DATASET -
-*-*-
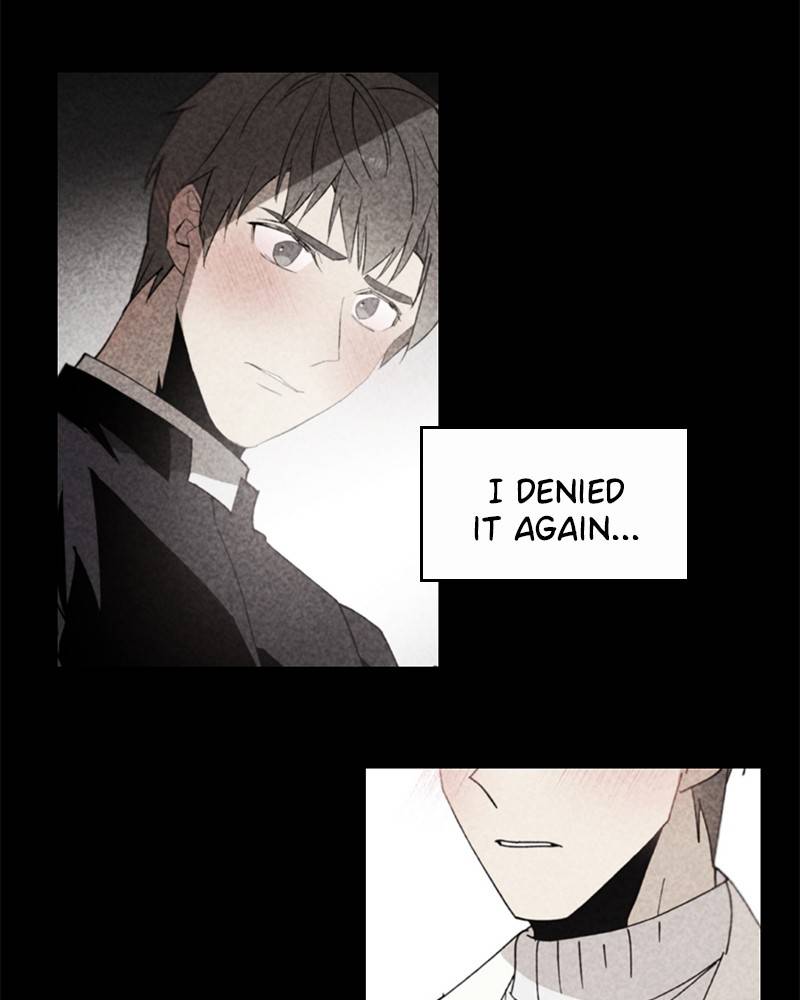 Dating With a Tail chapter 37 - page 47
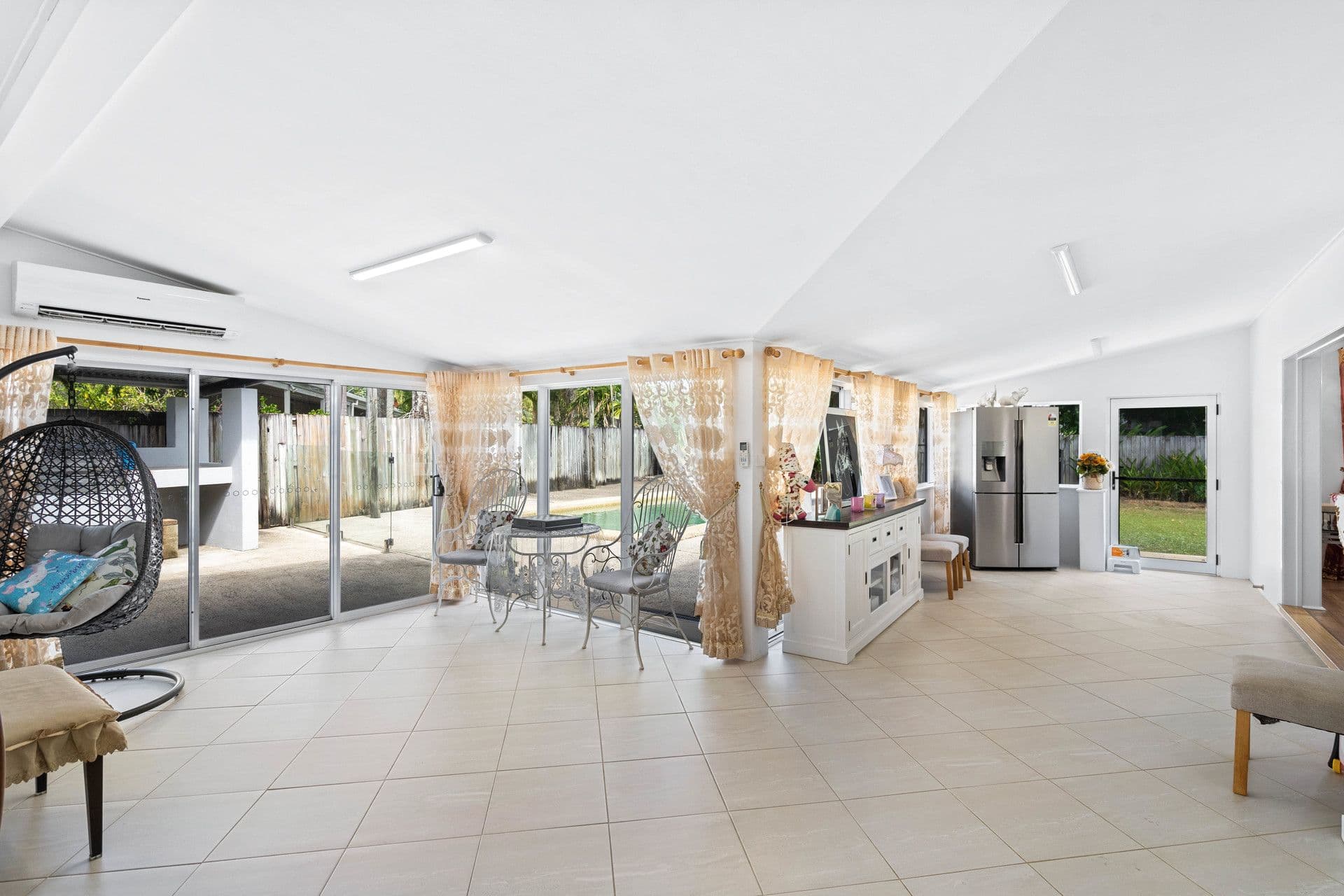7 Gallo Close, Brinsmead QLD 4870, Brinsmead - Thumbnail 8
-*-*-
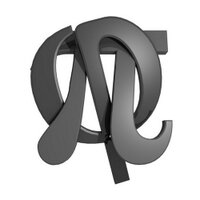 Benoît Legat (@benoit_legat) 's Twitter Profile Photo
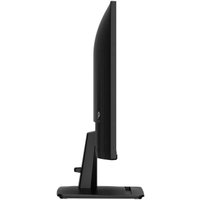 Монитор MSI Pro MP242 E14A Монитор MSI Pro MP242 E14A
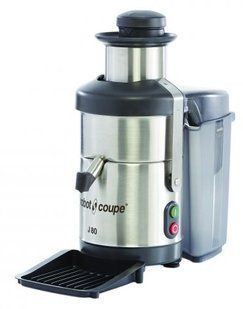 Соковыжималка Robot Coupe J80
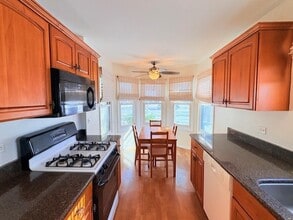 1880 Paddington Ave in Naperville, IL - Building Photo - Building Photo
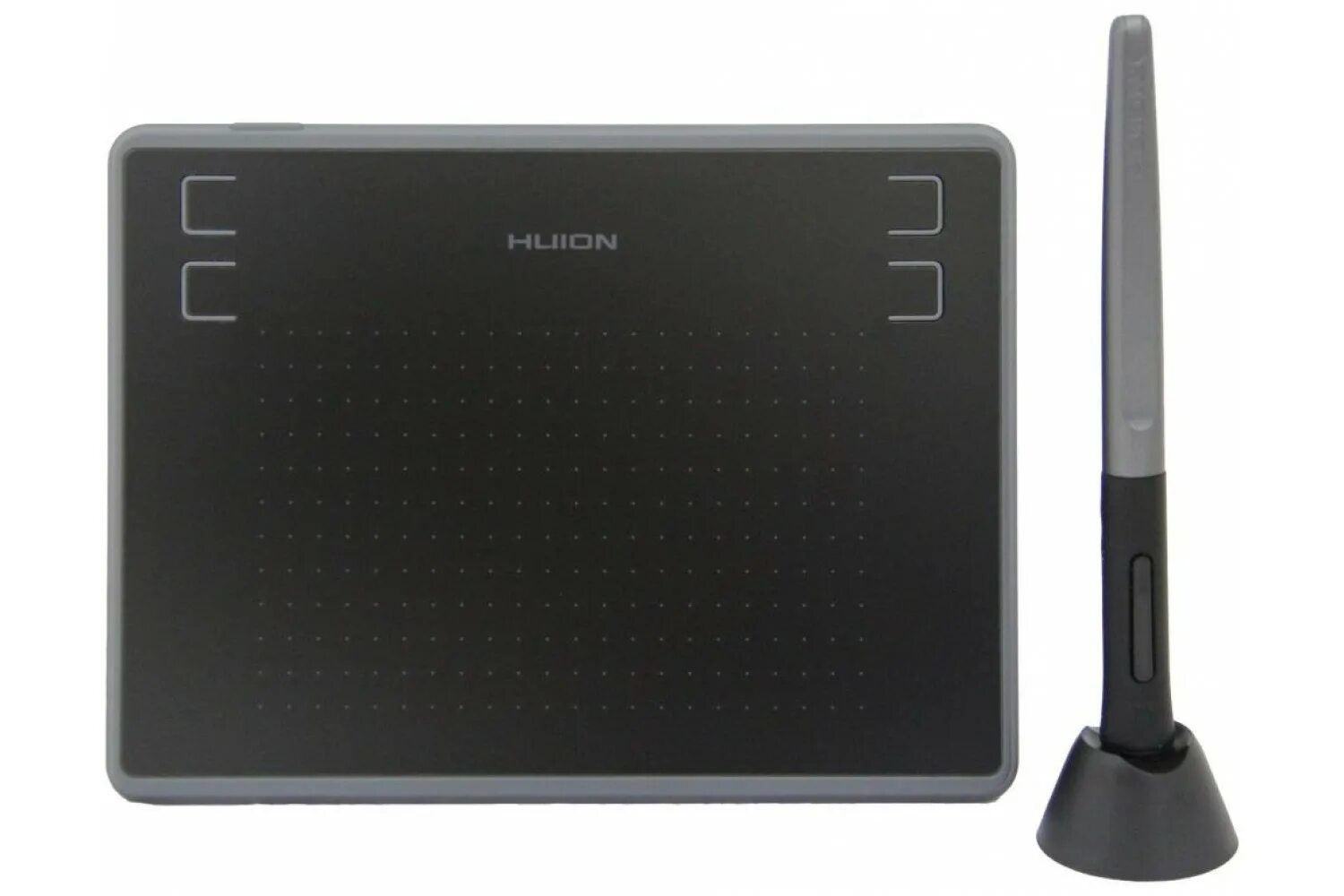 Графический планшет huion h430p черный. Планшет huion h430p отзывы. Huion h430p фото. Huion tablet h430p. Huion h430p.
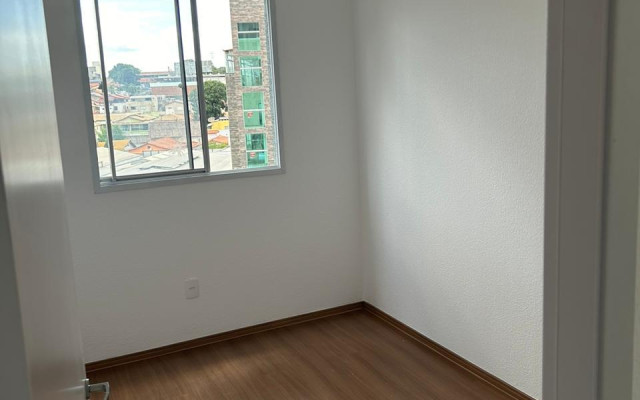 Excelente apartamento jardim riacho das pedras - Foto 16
-*-*-
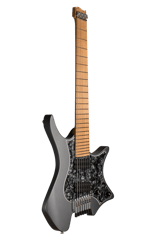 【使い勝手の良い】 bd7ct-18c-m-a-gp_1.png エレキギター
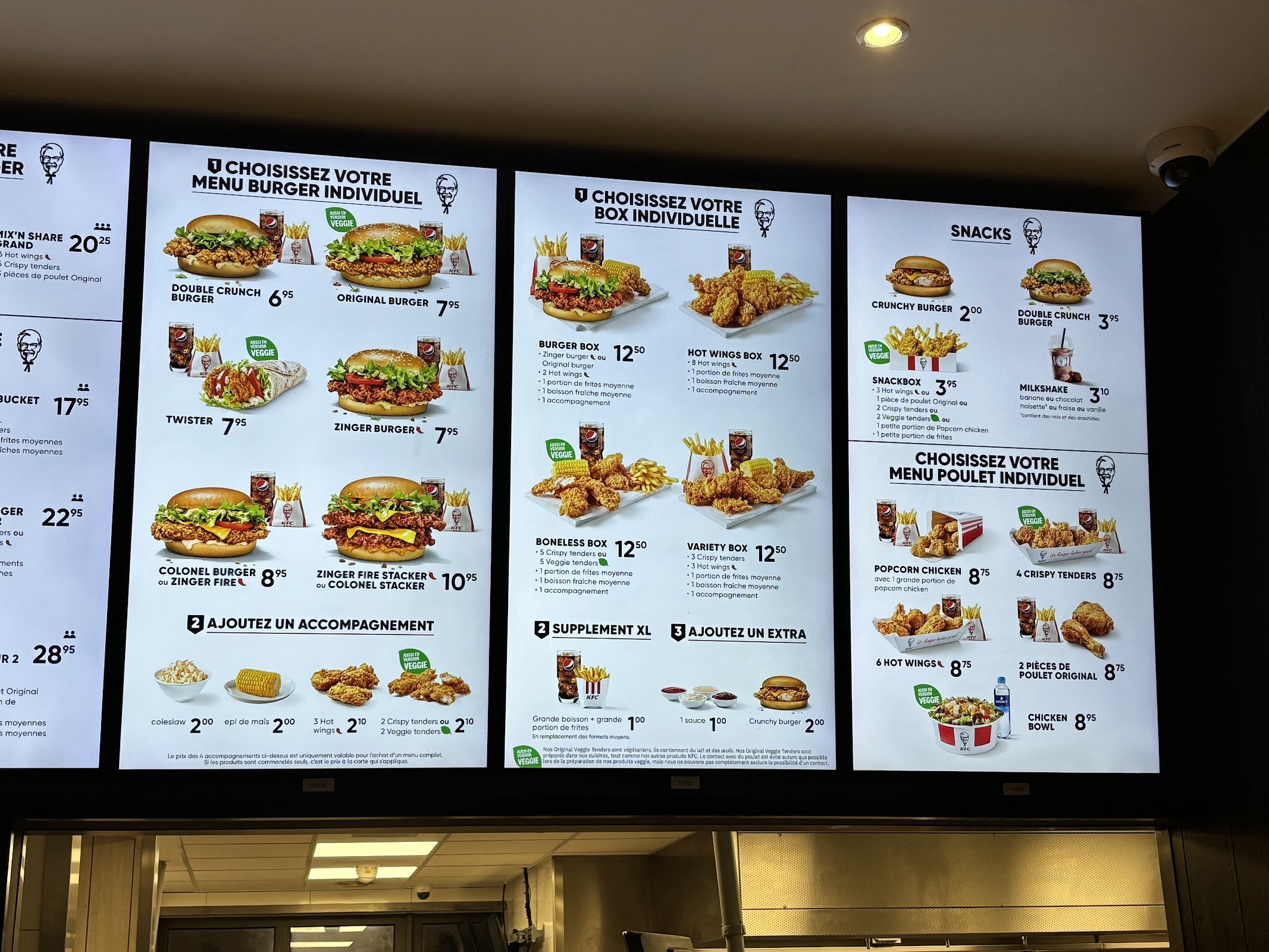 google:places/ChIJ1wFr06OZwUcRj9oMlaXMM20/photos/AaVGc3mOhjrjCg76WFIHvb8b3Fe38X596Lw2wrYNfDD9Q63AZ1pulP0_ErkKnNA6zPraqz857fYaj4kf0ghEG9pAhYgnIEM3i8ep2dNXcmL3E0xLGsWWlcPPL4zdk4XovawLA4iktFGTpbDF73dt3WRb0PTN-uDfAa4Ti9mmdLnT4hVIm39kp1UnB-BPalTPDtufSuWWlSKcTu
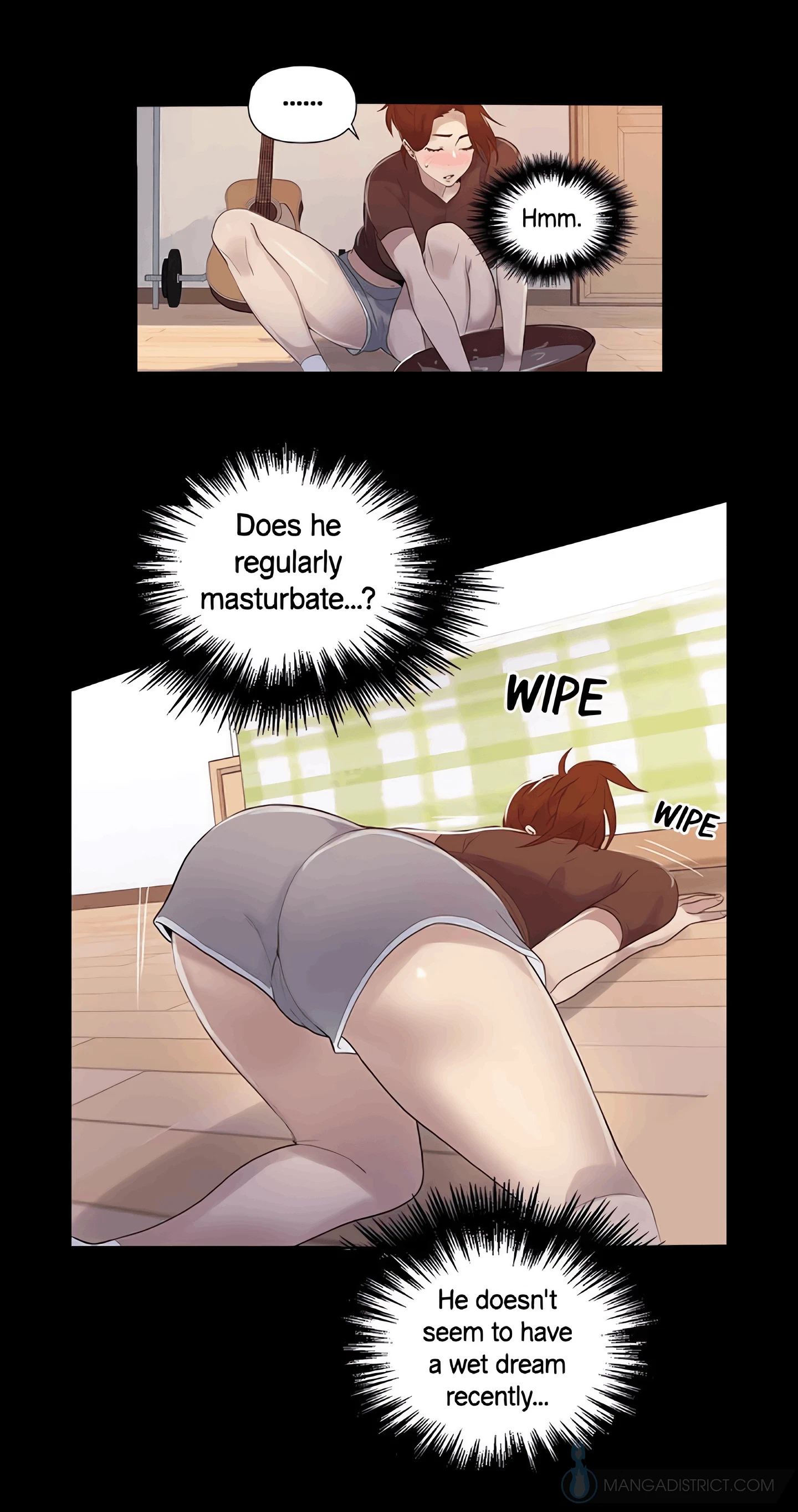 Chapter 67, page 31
-*-*-
EXERCISE REQUIREMENTS - Keep to the lines above from the line with "Монитор MSI Pro MP242 E14A Монитор" to the line with "1880 Paddington Ave", and set down exactly those, inclusive, with nothing else and every picture left out.

TASK SOLUTION -
 Монитор MSI Pro MP242 E14A Монитор MSI Pro MP242 E14A
 Соковыжималка Robot Coupe J80
 1880 Paddington Ave in Naperville, IL - Building Photo - Building Photo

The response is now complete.